## ABOUT THIS EXERCISE
Please return the listing below word for word, minus its pictures.

## INFORMATION SUPPLIED
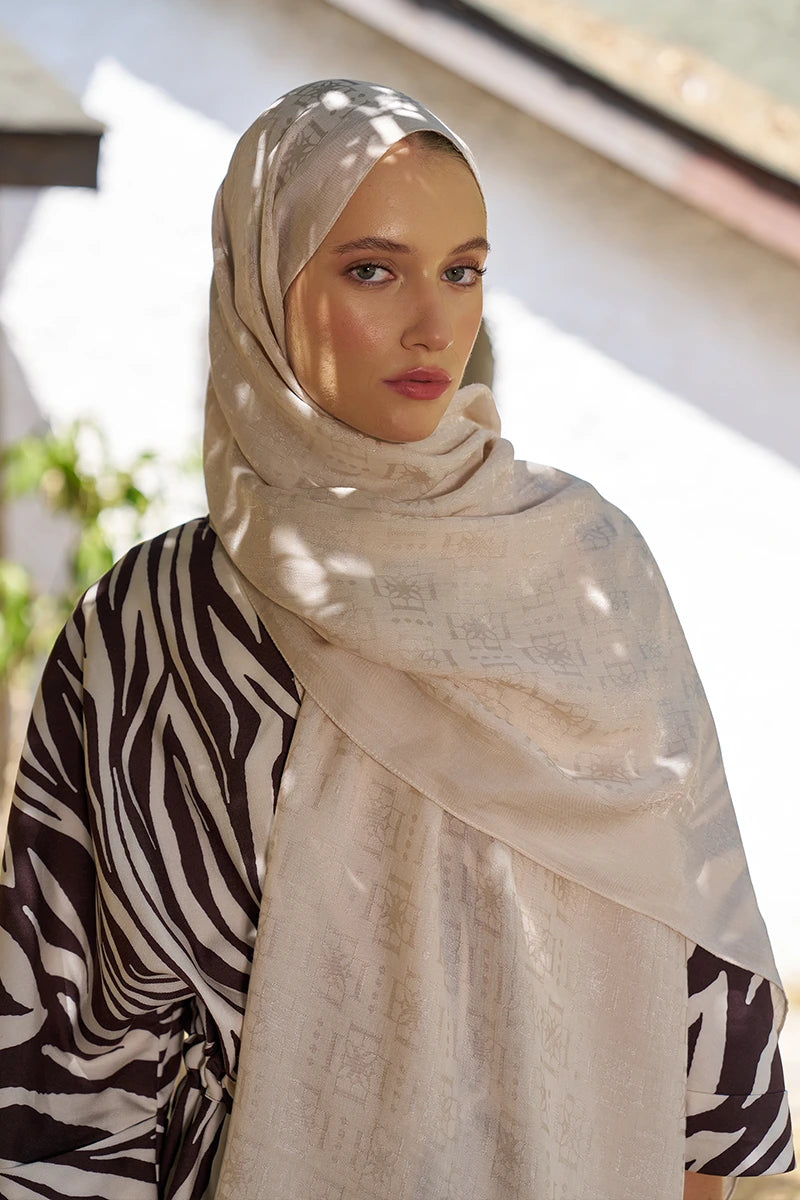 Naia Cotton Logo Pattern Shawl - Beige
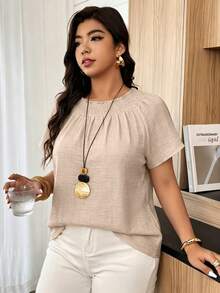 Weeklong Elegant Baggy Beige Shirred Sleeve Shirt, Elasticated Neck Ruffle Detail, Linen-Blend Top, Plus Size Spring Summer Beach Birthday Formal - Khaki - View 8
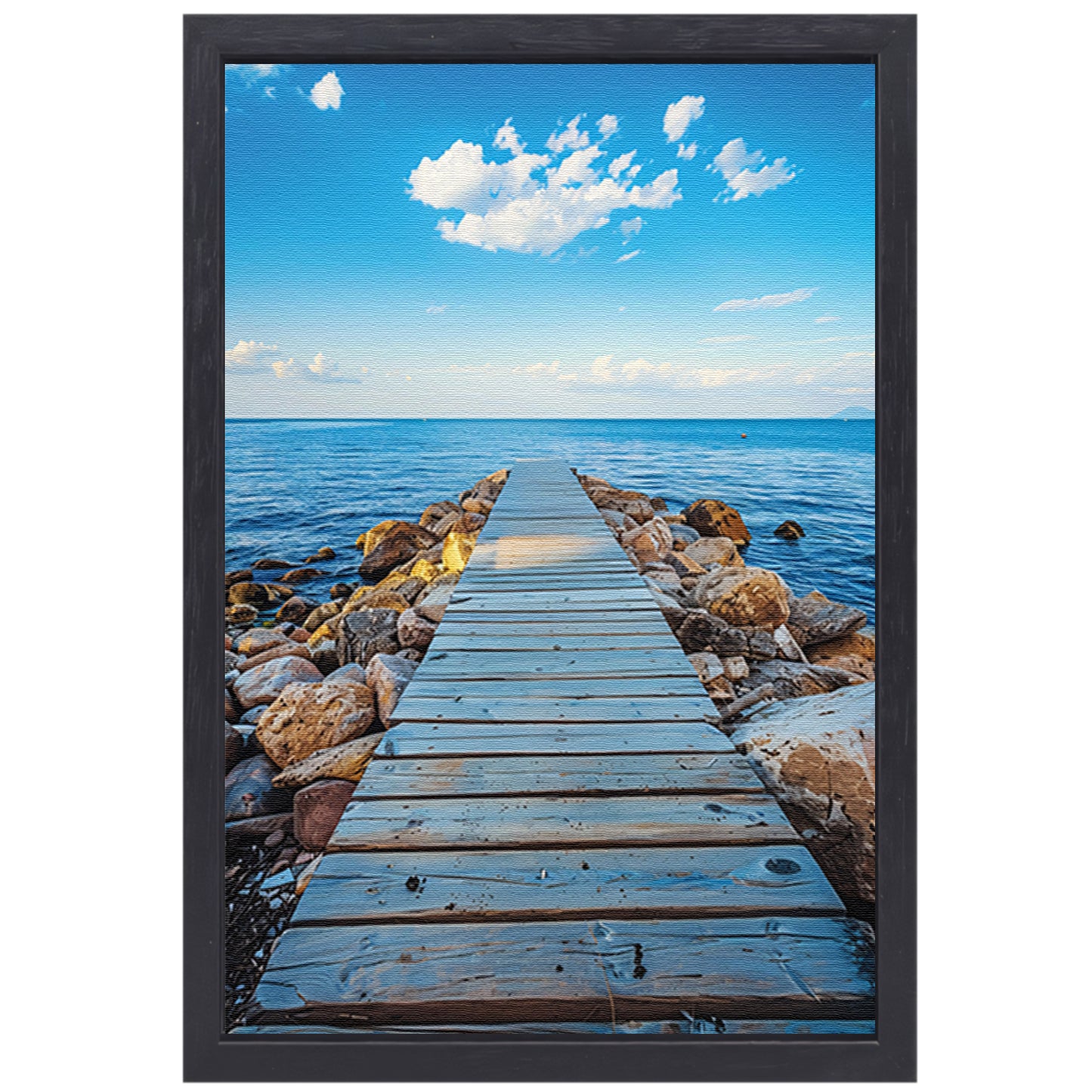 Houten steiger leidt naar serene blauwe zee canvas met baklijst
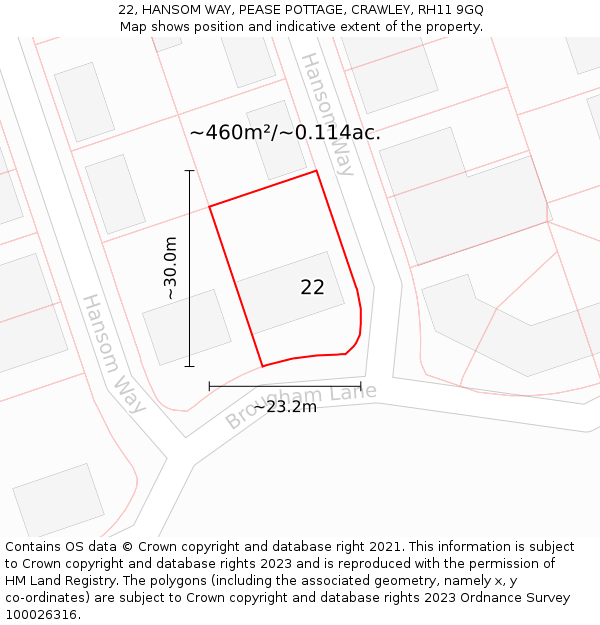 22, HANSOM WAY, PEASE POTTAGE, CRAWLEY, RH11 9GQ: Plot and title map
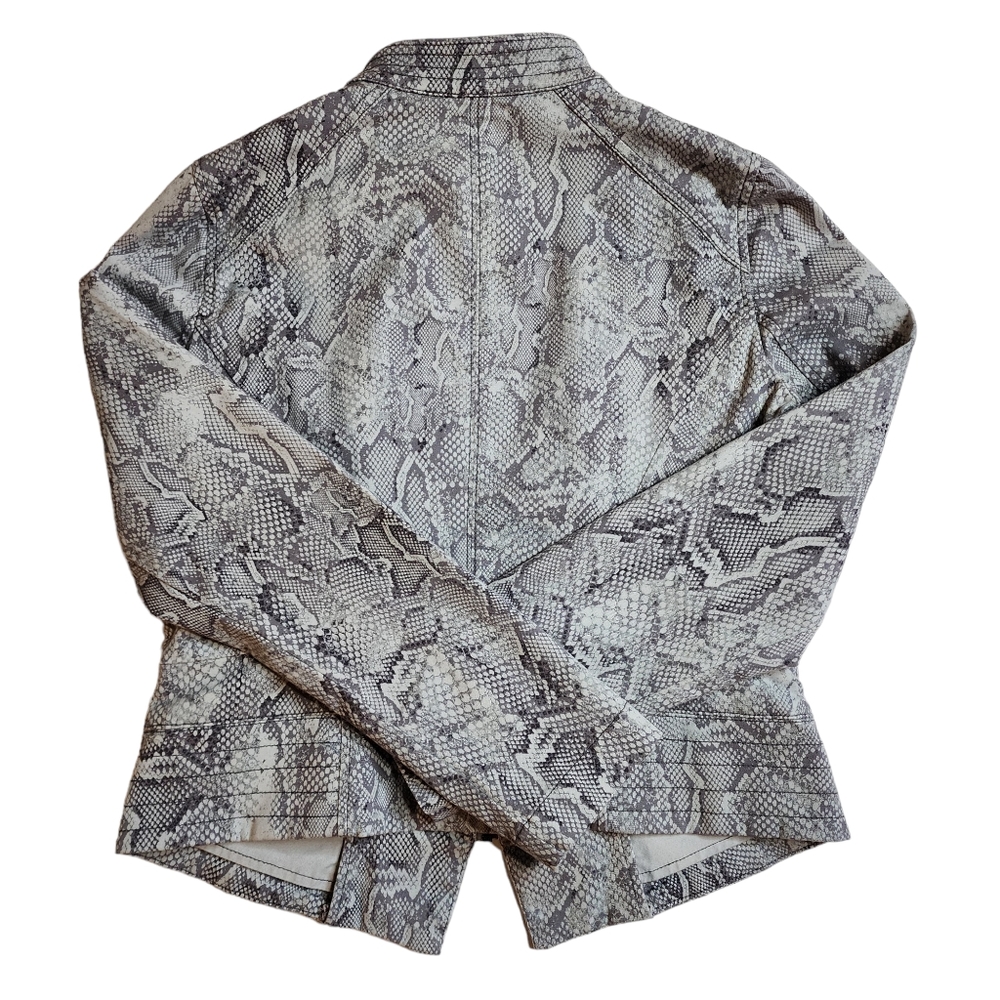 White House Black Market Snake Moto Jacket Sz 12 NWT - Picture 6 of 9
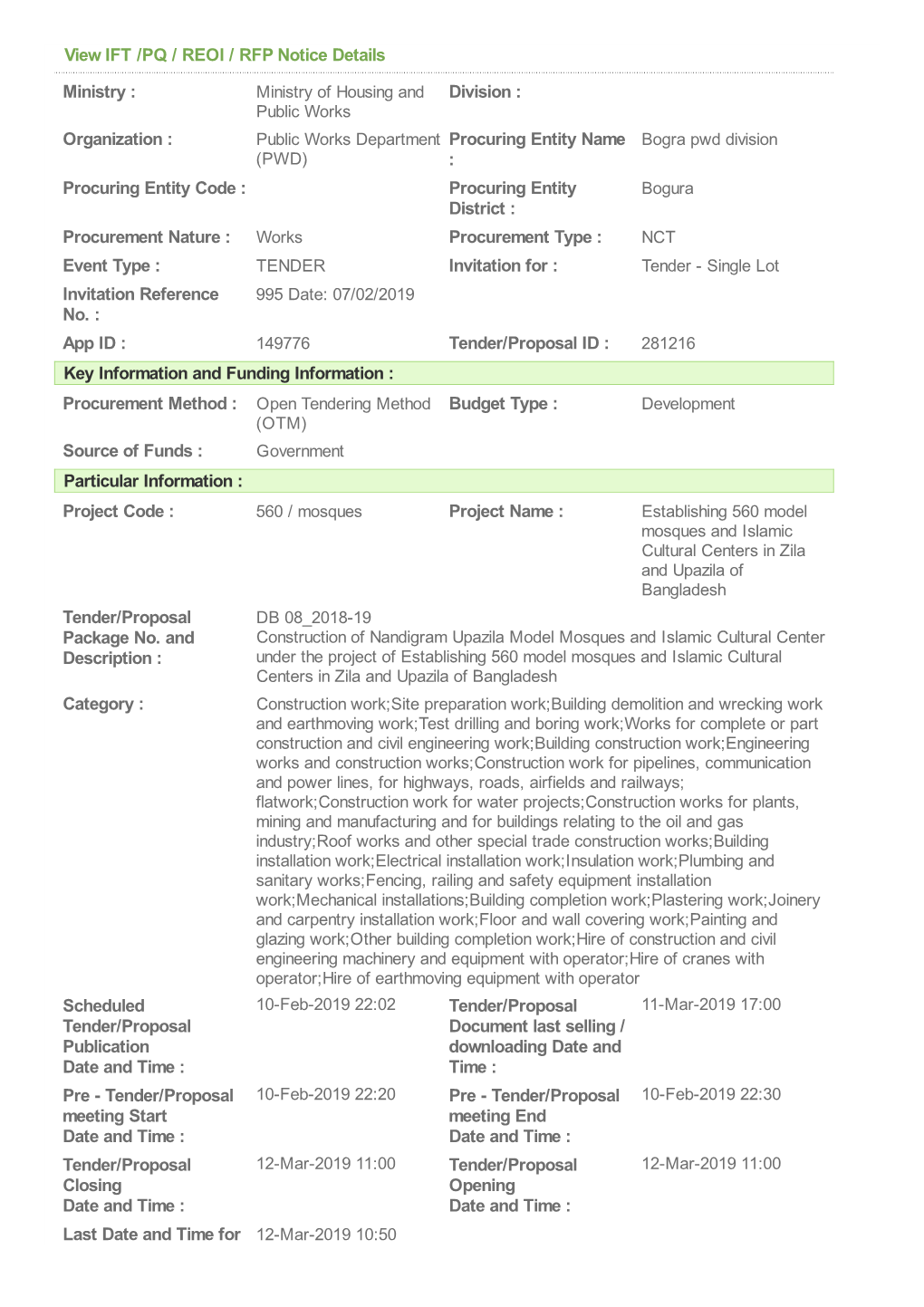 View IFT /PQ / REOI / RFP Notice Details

## TASK RESPONSE
 Naia Cotton Logo Pattern Shawl - Beige
 Weeklong Elegant Baggy Beige Shirred Sleeve Shirt, Elasticated Neck Ruffle Detail, Linen-Blend Top, Plus Size Spring Summer Beach Birthday Formal - Khaki - View 8
 Houten steiger leidt naar serene blauwe zee canvas met baklijst
 22, HANSOM WAY, PEASE POTTAGE, CRAWLEY, RH11 9GQ: Plot and title map
 White House Black Market Snake Moto Jacket Sz 12 NWT - Picture 6 of 9
 View IFT /PQ / REOI / RFP Notice Details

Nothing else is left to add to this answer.